Salah satu informasi yang banyak mendapatkan perhatian publik belakangan ini adalah kemenangan Taliban. Publik pun merespon pro dan kontra. Begitu juga di Indonesia. Euforia, simpati dan dukungan masyarakat sangat luar biasa. Apalagi kelompok-kelompok radikal menebar narasi heroisme atas kemenangan Taliban. Tidak jauh berbeda ketika ISIS berhasil menguasai Suriah ketika itu. Kelompok pengusung khilafah langsung muncul ke publik, menebar propaganda yang menyesatkan, sampai akhirnya banyak WNI yang memutuskan bergabung dengan kelompok ISIS. Setelah bergabung mereka baru sadar, bahwa semuanya itu ilusi belaka.
Simpati terhadap Taliban tidak salah. Namun masyarakat juga harus jeli dan cerdas dalam memahami sebuah peristiwa, dan terus meningkatkan daya tangkal dari ideologi transnasional. Kenapa hal ini penting? Karena kelompok ini seringkali mendompleng sebuah isu atau peristiwa, untuk menyusupkan ideologi-ideologi transnasional untuk disebarluaskan ke masyarakat. Terlebih mayoritas masyarakat Indonesia beragama Islam, yang juga dianut oleh kelompok Taliban.
Disinilah pentingnya memperkuat literasi. Indonesia kaya akan adat istiadat dan kearifan lokal yang bisa kita jadikan acuan. Tak usah lagi melihat ideologi-ideologi luar, yang belum tentu tepat diterapkan di Indonesia. Pendiri bangsa ini sudah jelas menegaskan, bahwa Indonesia adalah negara beragama dan bukan negara agama. Karena itulah, sila pertama berbunyi Ketuhanan Yang Maha Esa, yang bisa masuk dan diterima oleh semua agama yang ada di Indonesia.
Di era yang serba digital ini, tentu kita harus terus meningkatkan kewaspadaan. Karena banyak sekali aktifitas digital, yang mulai disusupi oleh pesan-pesan radikal.
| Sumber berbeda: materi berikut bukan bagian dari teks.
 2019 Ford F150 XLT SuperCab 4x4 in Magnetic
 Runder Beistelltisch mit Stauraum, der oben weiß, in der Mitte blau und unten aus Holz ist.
Dan kelompok radikal, seringkali mendompleng setiap peristiwa untuk menebarkan propaganda radikalisme. Termasuk sentimen kemenangan Taliban di Afganistan, yang selalu menyuarakan kemenangan Islam. Karena Indonesia mayoritas beragama Islam, diarahkan seolah-olah kemenangan tersebut juga merupakan kemenangan masyarkat Islam.
Mari kita belajar sejarah. Mari kita bedakan mana urusan agama, mana urusan politik. Di awal sudah disebutkan terkait ISIS. Banyak yang menyatakan bahwa kemenangan ISIS ketika itu merupakan kemenangan Islam. Tatanan pemerintahan yang dibangun akan mengedepankan kesejahteraan, dan sebagainya. Mereka pun membangun opini yang menyesatkan, agar banyak masyarakat berbondong-bondong bergabung dengan ISIS. Dan salah satu yang ikut bergabung ketika itu adalah masyarakat Indonesia.
Begitu juga dengan kemenangan Taliban. Janganlah dihubungkan dengan kepentingan ini atau itu. Taliban berbeda dengan Indonesia. Kenapa kita perlu waspada? Karena kelompok radikal menjadikan momentum ini untuk menyuarakan konsep khilafah, yang jelas tidak tepat diterapkan di Indonesia. Untuk itulah, kita tidak boleh diam saja ketika mereka terus menebar provokasi di media sosial. Kita harus memberikan informasi yang menyejukkan, informasi yang menyatukan, dan yang bisa memberikan semangat untuk menjaga persatuan dan kesatuan. Dengan kembali ke nilai-nilai kearifan lokal, akan bisa menyelematkan kita dari segala pengaruh ideologi transnasional. Salam.